Unless your dad made a backup of the encryption keys that were on his old laptop, associated with his user-Id on that machine, data in any file encrypted with those keys is now lost.
By far, the most frequent problem with EFS occurs when EFS encryption
keys and/or recovery keys aren't archived. If keys aren't backed up,
they cannot be replaced when lost. If keys cannot be used or replaced,
data can be lost. If Windows is reinstalled (perhaps as the result of
a disk crash) the keys are destroyed. If a user's profile is damaged,
then keys are destroyed. In these, or in any other cases in which keys
are damaged or lost and backup keys are unavailable, then encrypted
files cannot be decrypted. The encryption keys are bound to the user
account, and a new iteration of the operating system means new user
accounts. A new user profile means new user keys.
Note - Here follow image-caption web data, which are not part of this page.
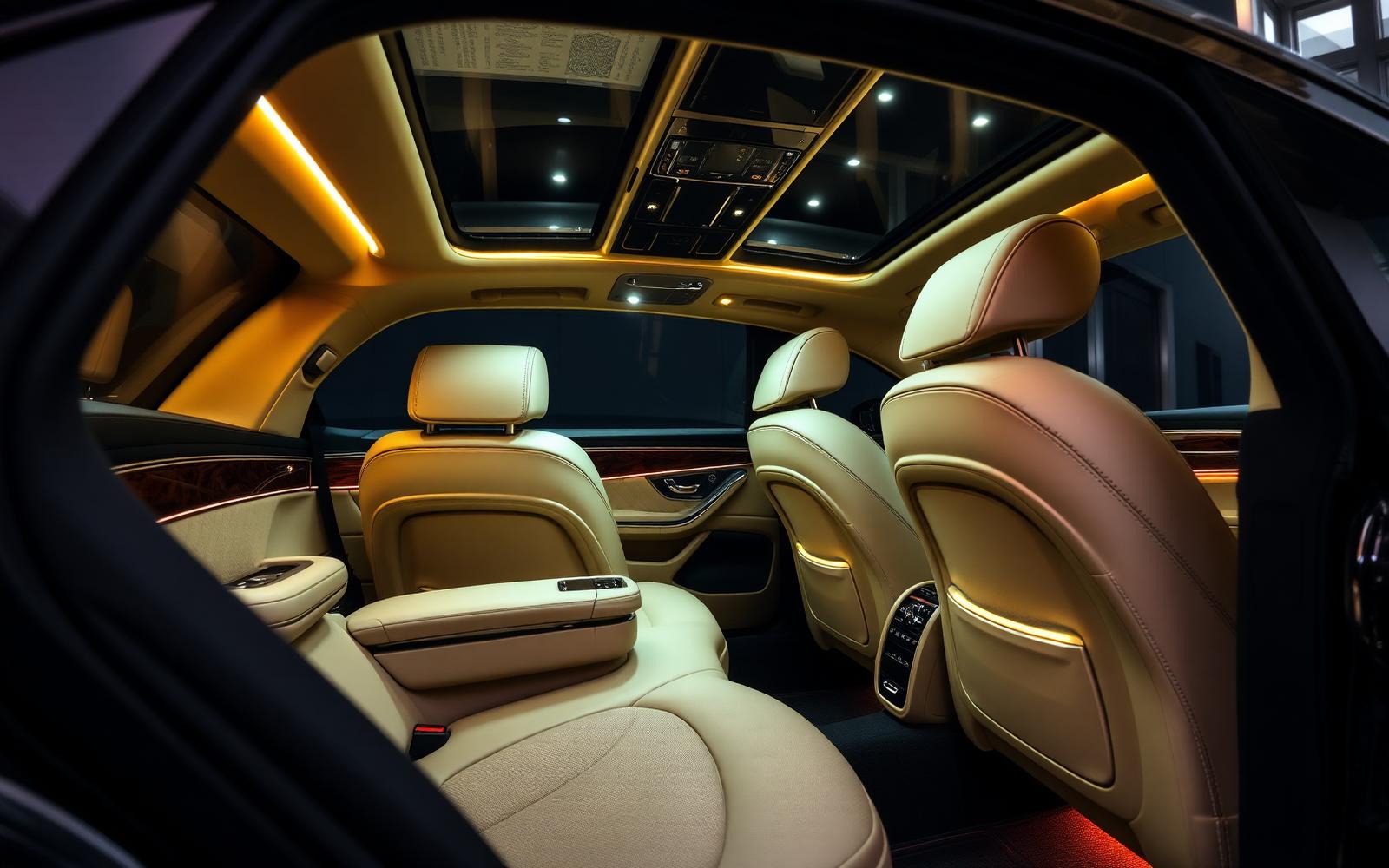 Luxury interior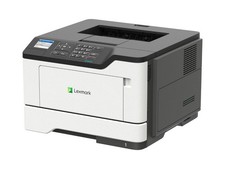 Produktbild - Lexmark M1246 Laserdrucker S/W A4 Duplex LAN USB – unter 20.000 gedr. Seiten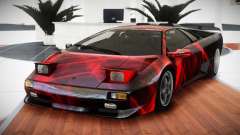 Lamborghini Diablo G-Style S1 pour GTA 4
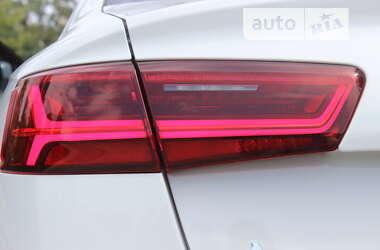 Седан Audi A6 2017 в Днепре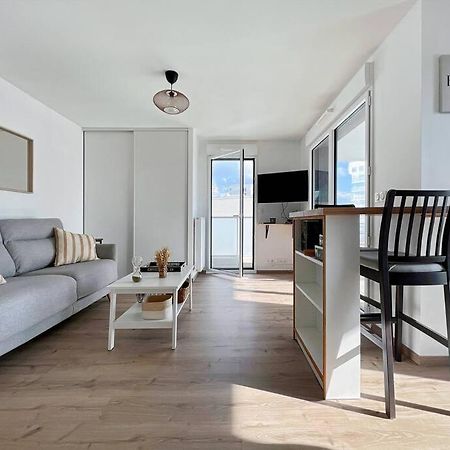 Perle De Baud - Centre - Luxueux - Fitness Apartment แรนส์ ภายนอก รูปภาพ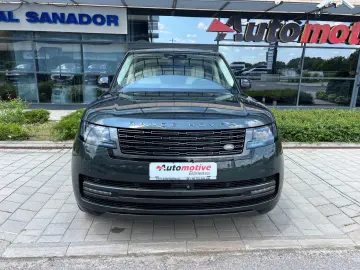 RANGE ROVER 3.0 I6 D350 MHEV HSE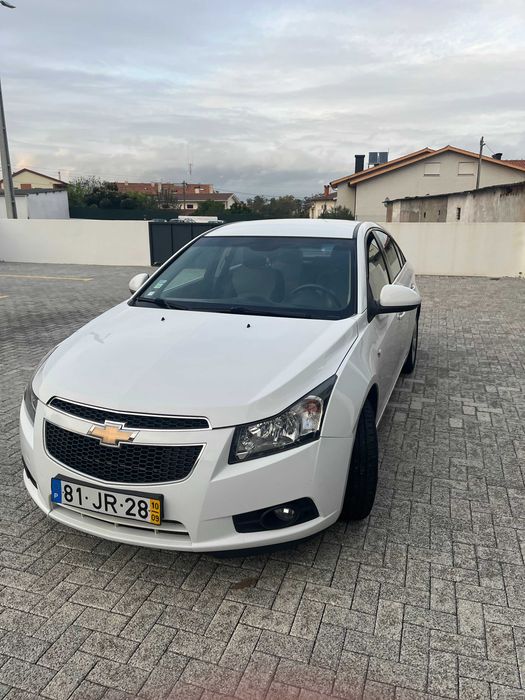 Chevrolet Cruze 2.0 VCDi LT Diesel 2010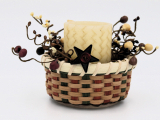 Basket Weaving: Warm & Cozy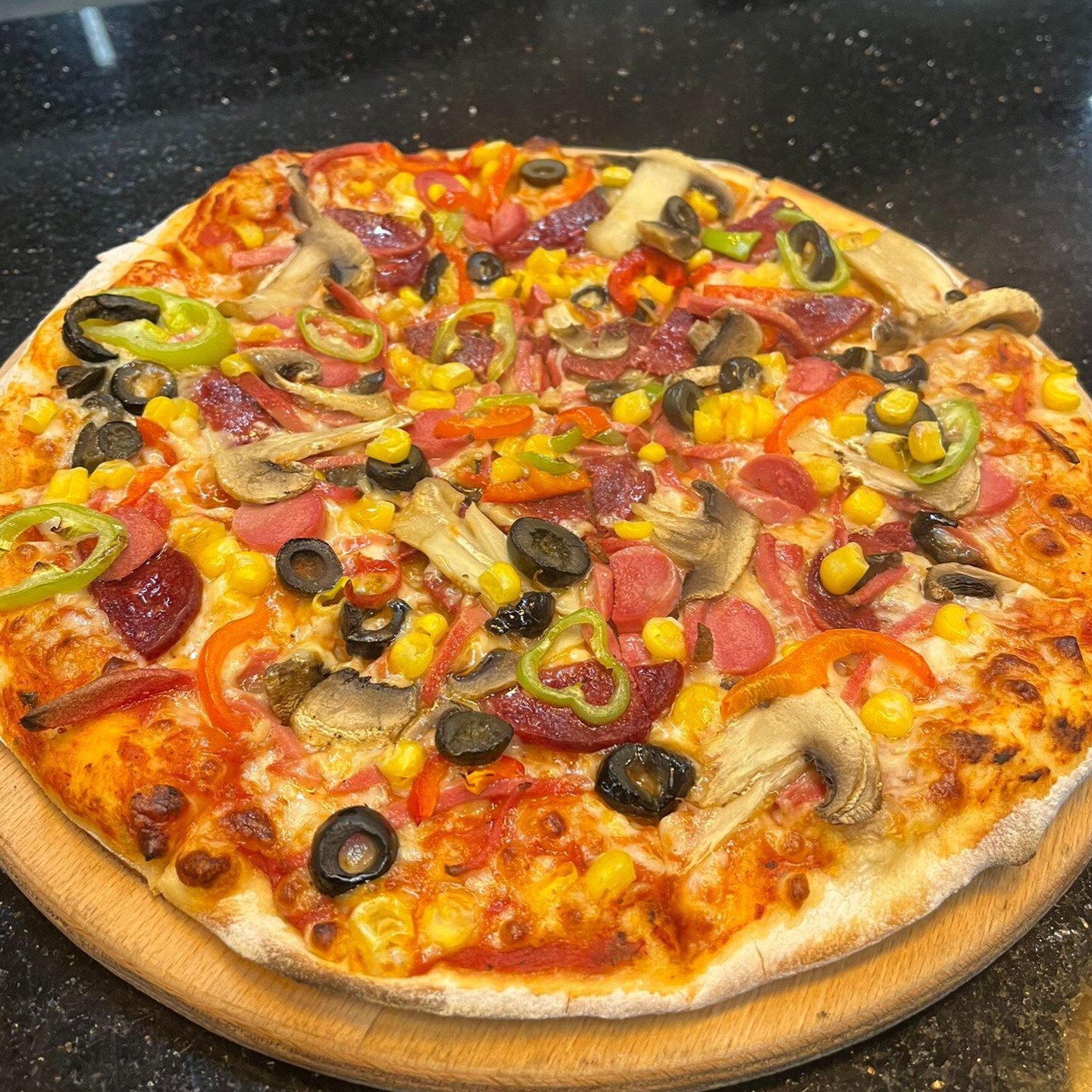Extra Pizza (Orta Boy)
If keys are
archived, or exported, they can be imported to a new account. If a
revocation agent for the files exists, then that account can be used
to recover the files. However, in many cases in which keys are
destroyed, both user and revocation keys are absent and there is no
backup, resulting in lost data.
File encryption uses a symmetric key, which is then itself encrypted
with the public key of a public key encryption pair. The related
private key must be available in order for the file to be decrypted.
This key pair is bound to a user identity and made available to the
user who has possession of the user ID and password. If the private
key is damaged or missing, even the user that encrypted the file
cannot decrypt it. If a recovery agent exists, then the file may be
recoverable. If key archival has been implemented, then the key may be
recovered, and the file decrypted. If not, the file may be lost. EFS
is an excellent file encryption system—there is no "back door."